Мне кажется, сегодня вечером
Звёздное небо, расширяясь,
К нам приближается, и ночь
За этим множеством огней не так темна.
Блистает и листва под листвою,
Набухла зелень, оранжевостью зрелых плодов:
Лампа близкого ангела; дерево мира
Объято биентием скрытого света.
Мне кажется, сегодня вечером
Мы вошли в сад, чей ангел
Необратимо затворил двери.</i>
Иф Бонфуа. Из книги "Начертанный камень" (1965), перевод М. Гринберга
Отсутствие рифмы превращает образ, свойственный русским стихам в мыслеобраз, пульсирующую и трепещущую мысль. В какую-то картезианскую грамматику, ибо перевод лишает строчки естественной фонетики, а что остаётся от мелодии?
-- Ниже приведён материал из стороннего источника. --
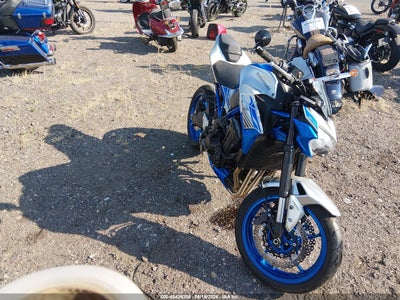 2020 Kawasaki Zr900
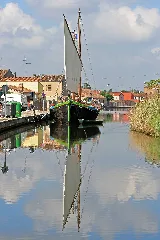 Barcone Sul Canale Lombardo Panoramio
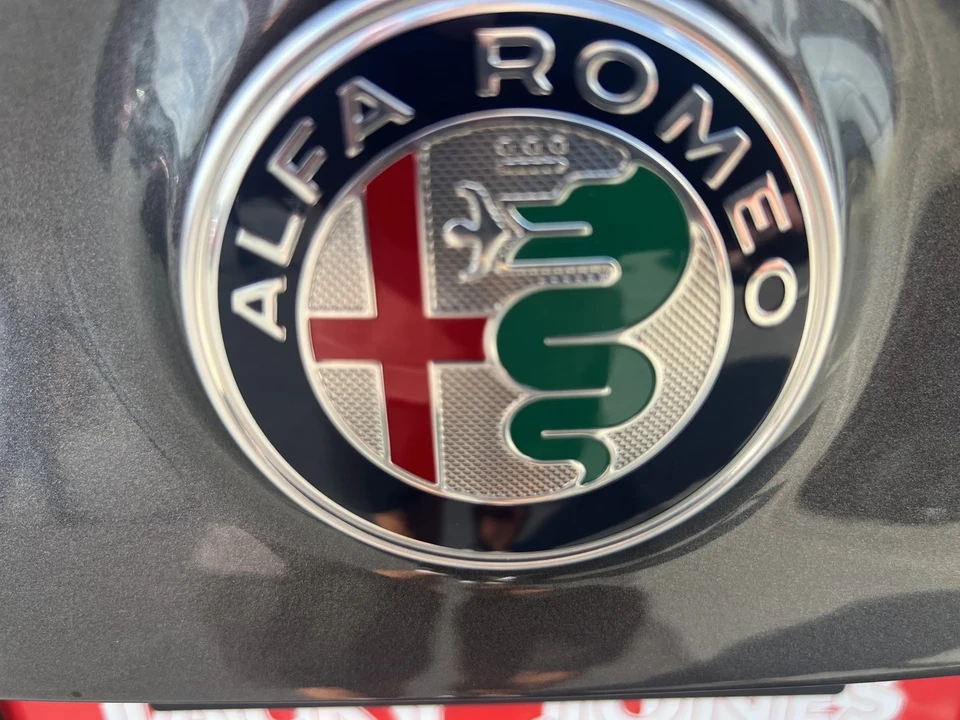 2021 Alfa Romeo Giulia - Image 9 of 12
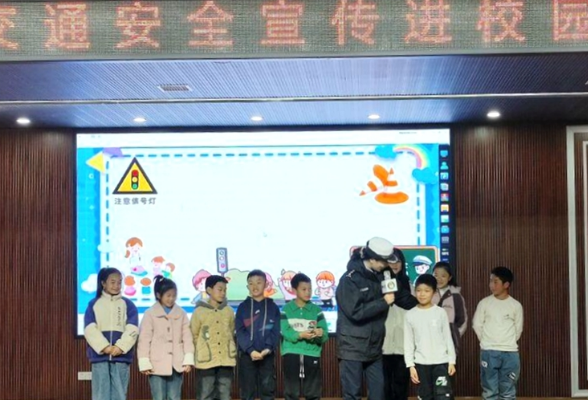 新化县交警大队到坐石乡开展交通安全宣传活动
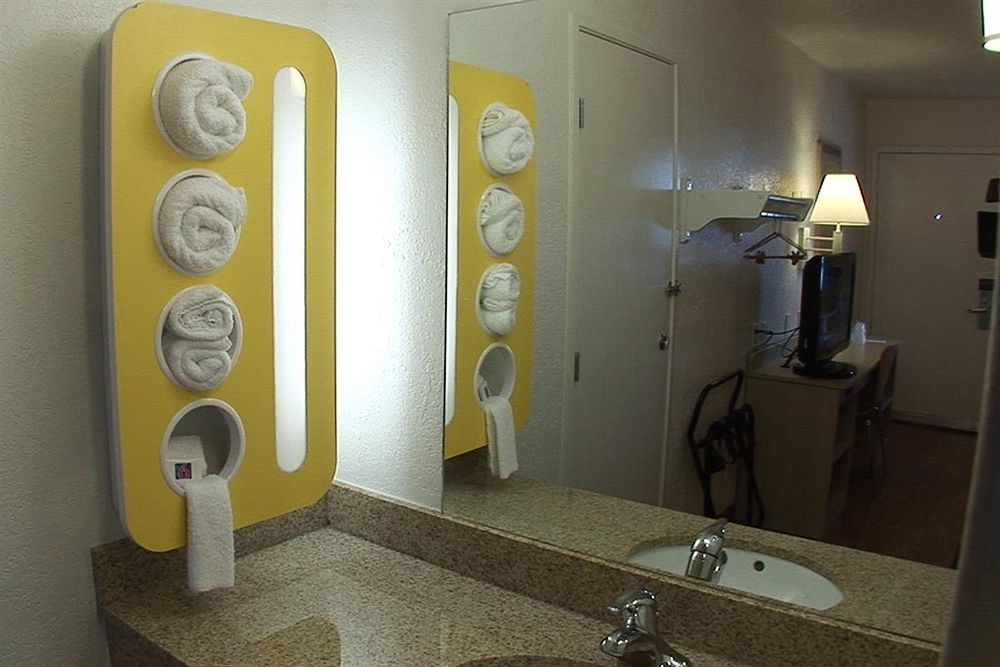 6-odessa, Tx Hotel 2*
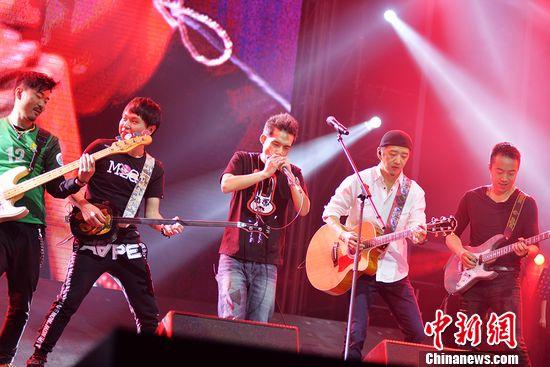 郝云北京演唱会 羽泉大鹏江一燕等好友现身--江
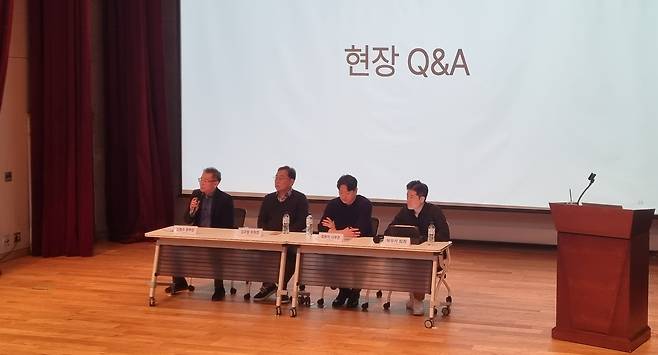 8일 '확률형 아이템 표시의무제도 안내 설명회' 질의응답 현장. 왼쪽부터 게임물관리위원회 김범수 본부장, 김규철 위원장, 문화체육관광부 최원석 사무관, 게임물관리위원회 박우석 팀장.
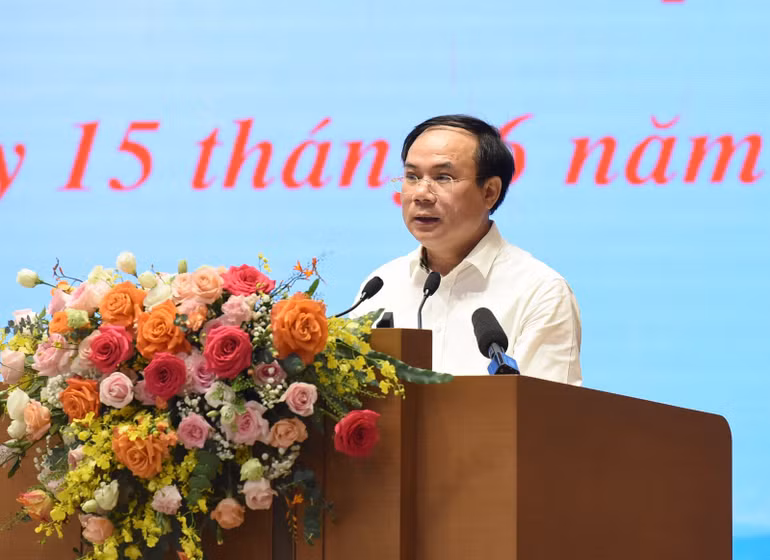 Thứ trưởng Xây dựng Nguyễn Văn Sinh báo cáo tại Hội nghị. (Ảnh: TRẦN HẢI) Thứ trưởng Xây dựng Nguyễn Văn Sinh báo cáo tại Hội nghị. (Ảnh: TRẦN HẢI)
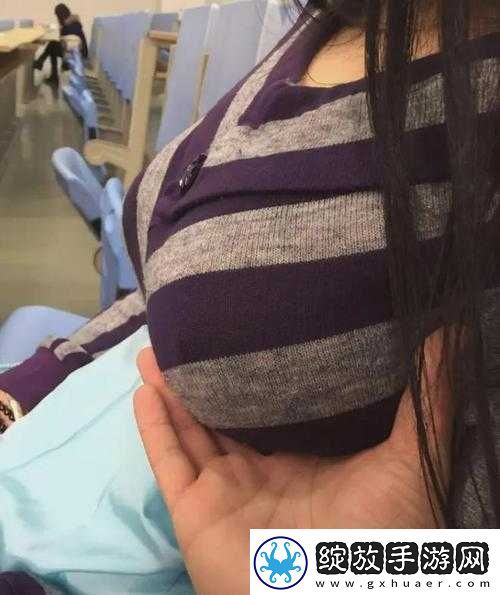 美女脱内衣露出奶头
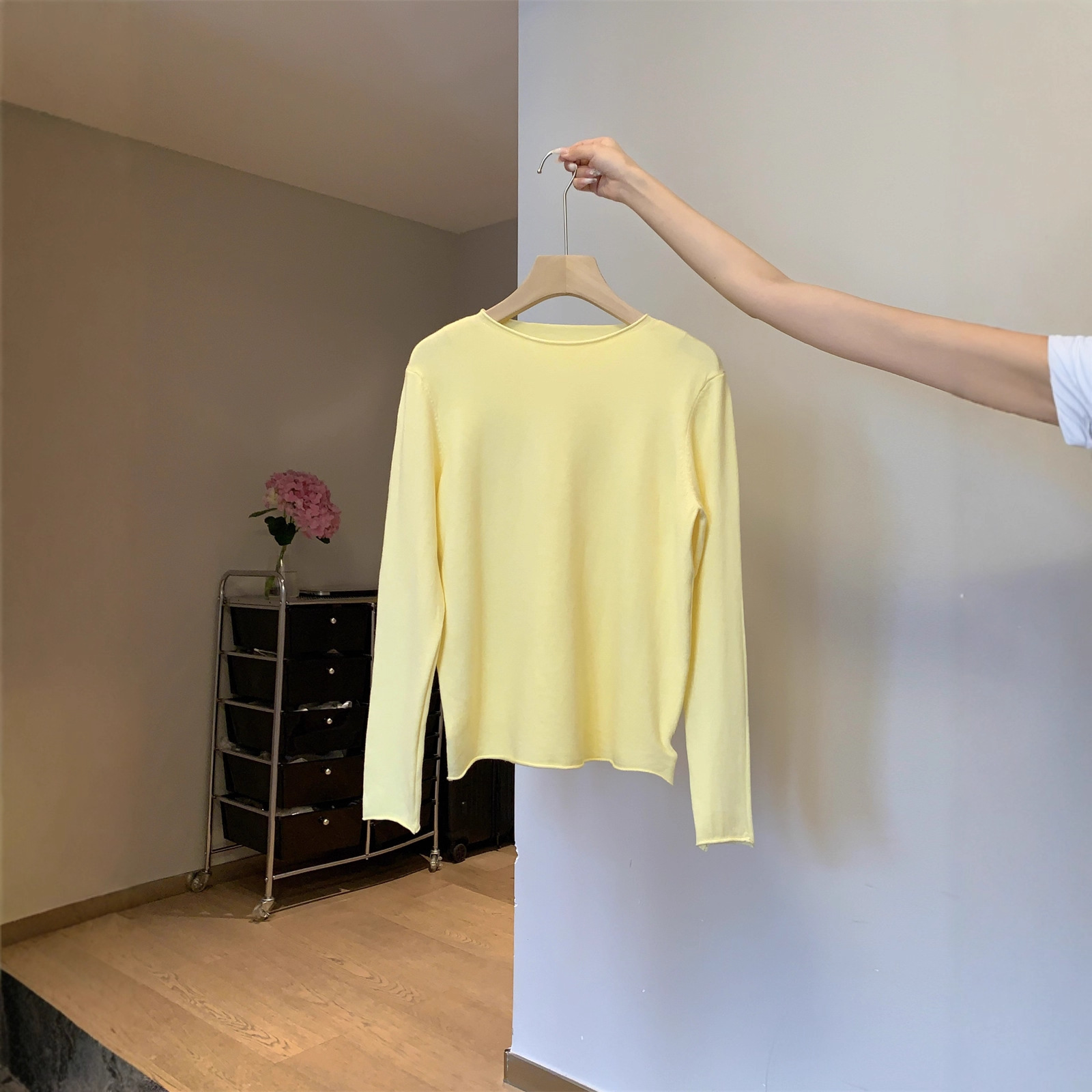 白色基础款百搭圆领卷边长袖针织衫女秋季宽松显瘦休闲打底衫上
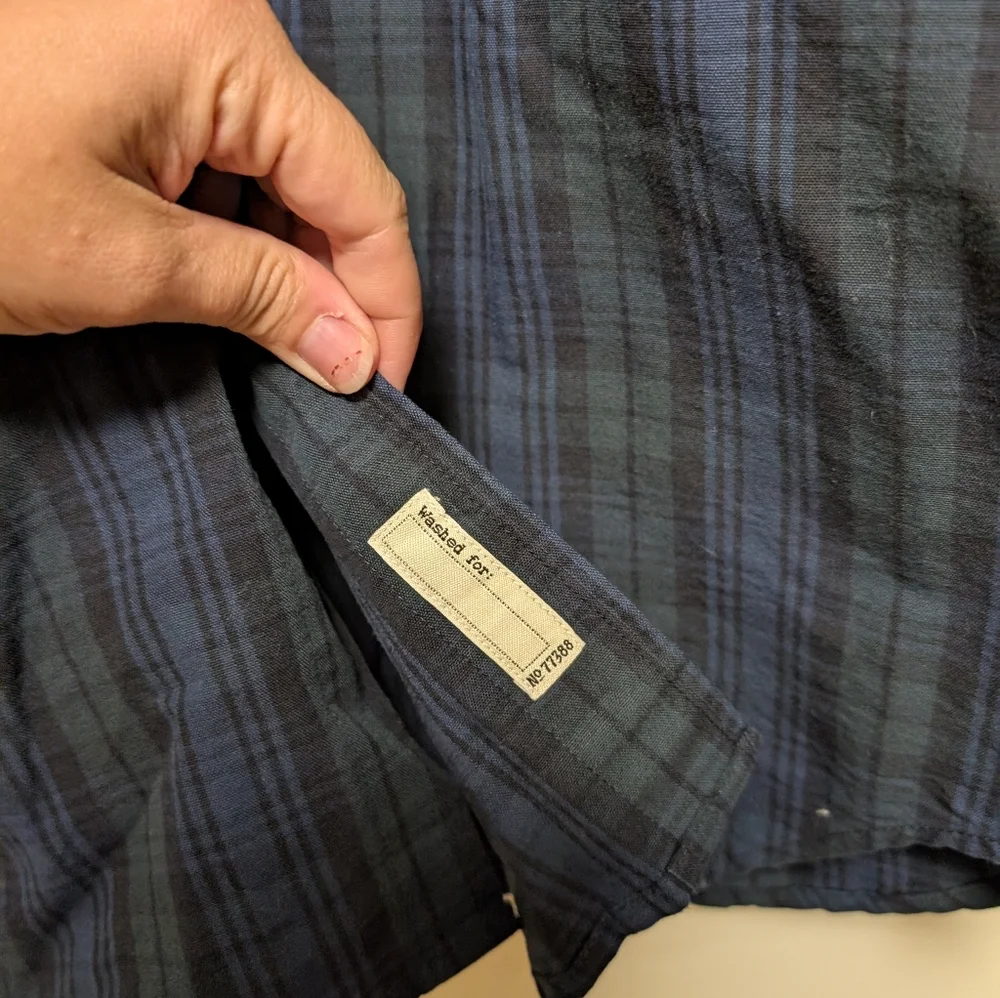 J.Crew Men’s Relaxed Fit Plaid Button-Down Shirt – Size S  Nwt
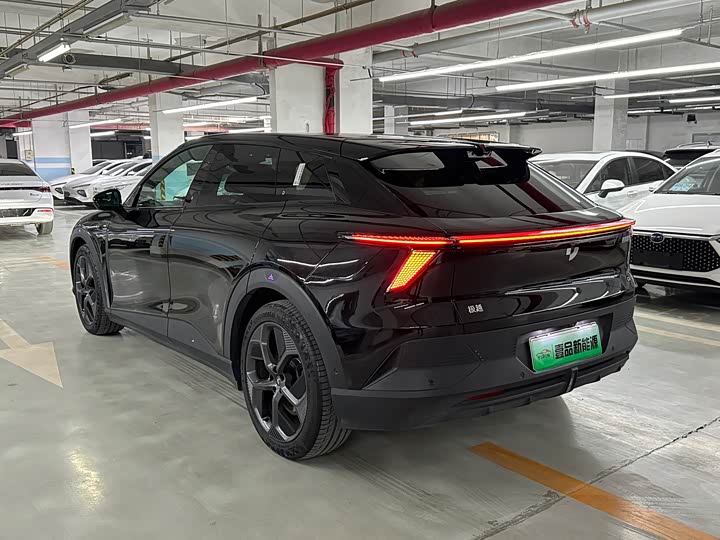 Фото 7 - Geely Jiyue 01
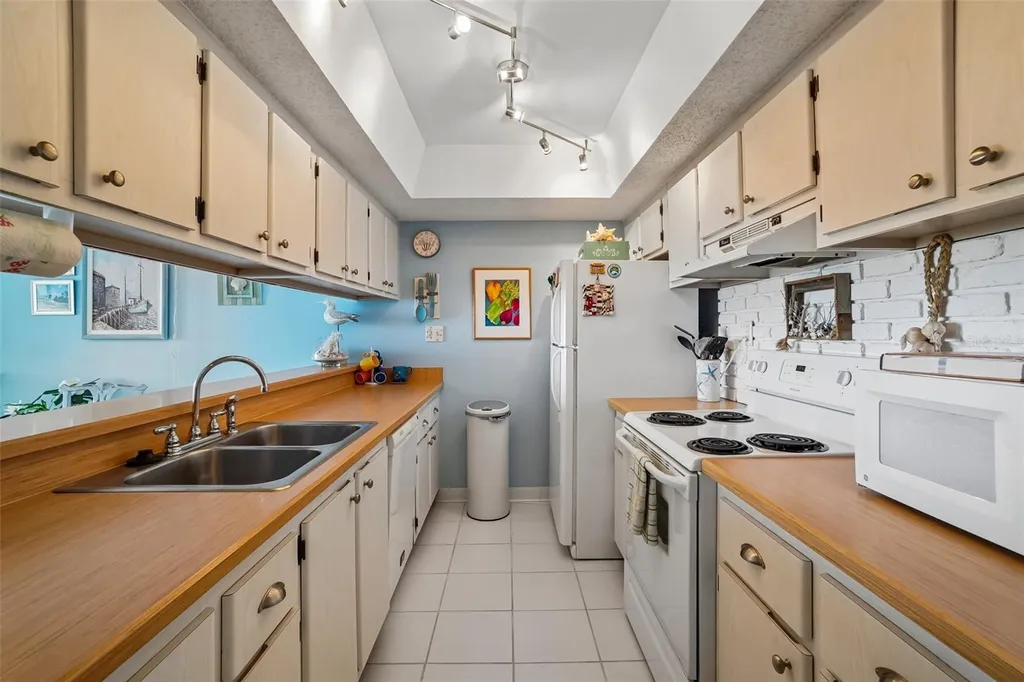 450 S Gulfview Boulevard Clearwater Beach FL 33767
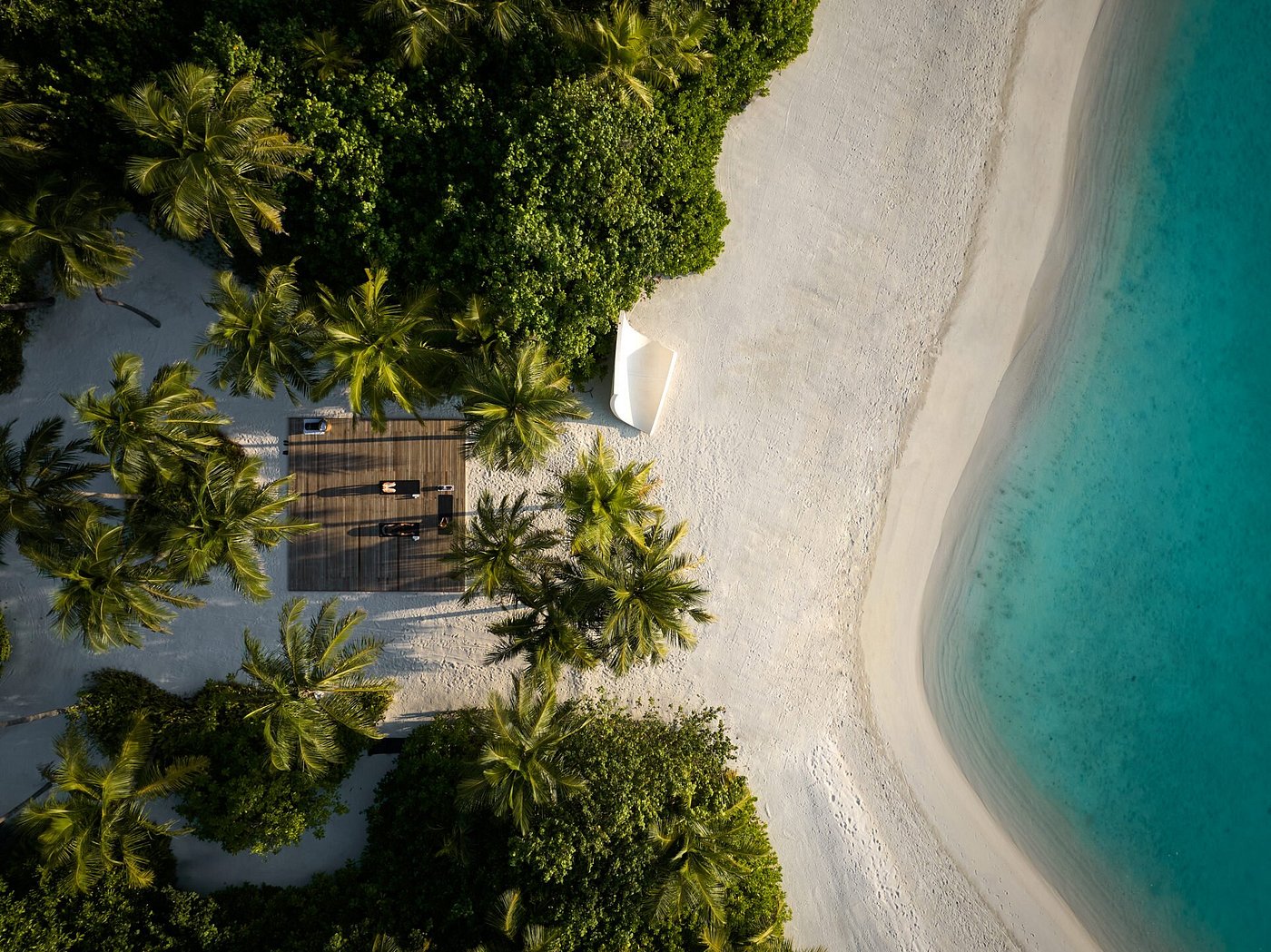 Patina Maldives, Fari Islands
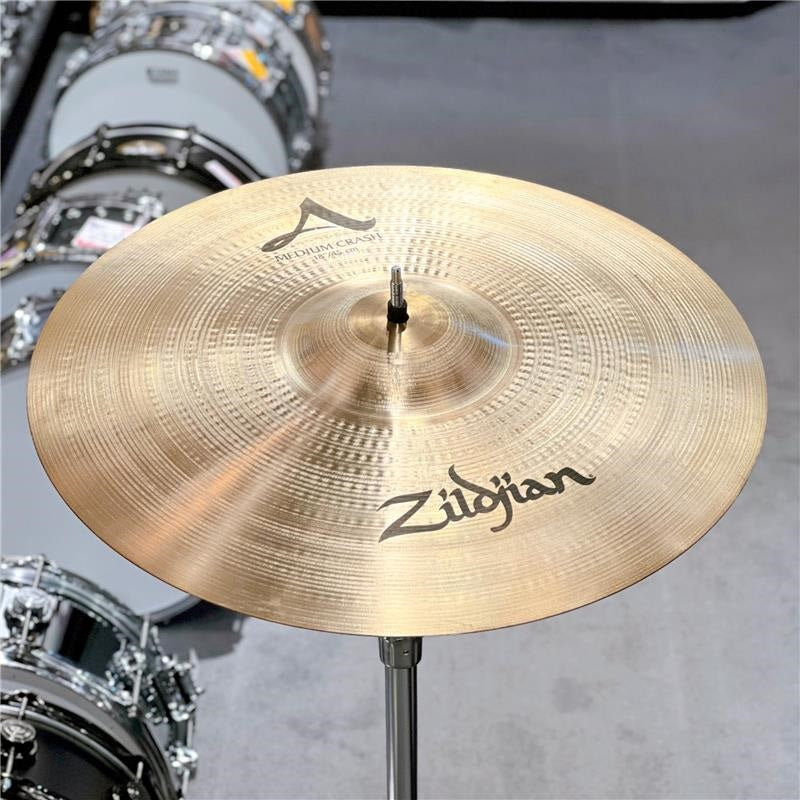 USED_​​Zildjian_Medium_Crash_18_[NAZL18C_M]_[1555g]_01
Кажется, сила русских стихов в точности и объемности живописи, тогда как изобразительность Бонфуа (или Жакоте) служебна и нужна для того, чтобы выразить дополнительное существенное. Я не хочу сказать, что русские стихи не мыслят, ещё как - в стране практически отсутствующей философии именно стихи, подчас, заменяли философские трактаты (пока романы не подтянулись), но, тем не менее, хочу обратить внимание на разицу соотношения "образ" и "мысль"; здесь они уравновешены или поданы чуть вперёд, всё-таки размеры, в силу медитативности, затушёвывают точность сказанного, когда на смену смысла приходит ритм. Ритм и образы, сваливающиеся сверху. Я про магистраль, разумеется, ибо в общей палитре есть самые разные изводы.
Мысль, запрятаная в плоть, плотью выраженная - по примеру поздних хайдеггеровских медитаций, застрявших сразу же между всеми жанрами и дискурсами: философическое но без терминологии и прямого формулирования - вот что оказывается особенно важным ценным; и когда в основании основы заложена действительно серьёзная [сильная ]мысль, частности не играют значения (тем более, в паху перевода) и "оранжевость зрелых плодов" летнего пейзажа вполне может обернуться цитрусовой зависимостью Рождества.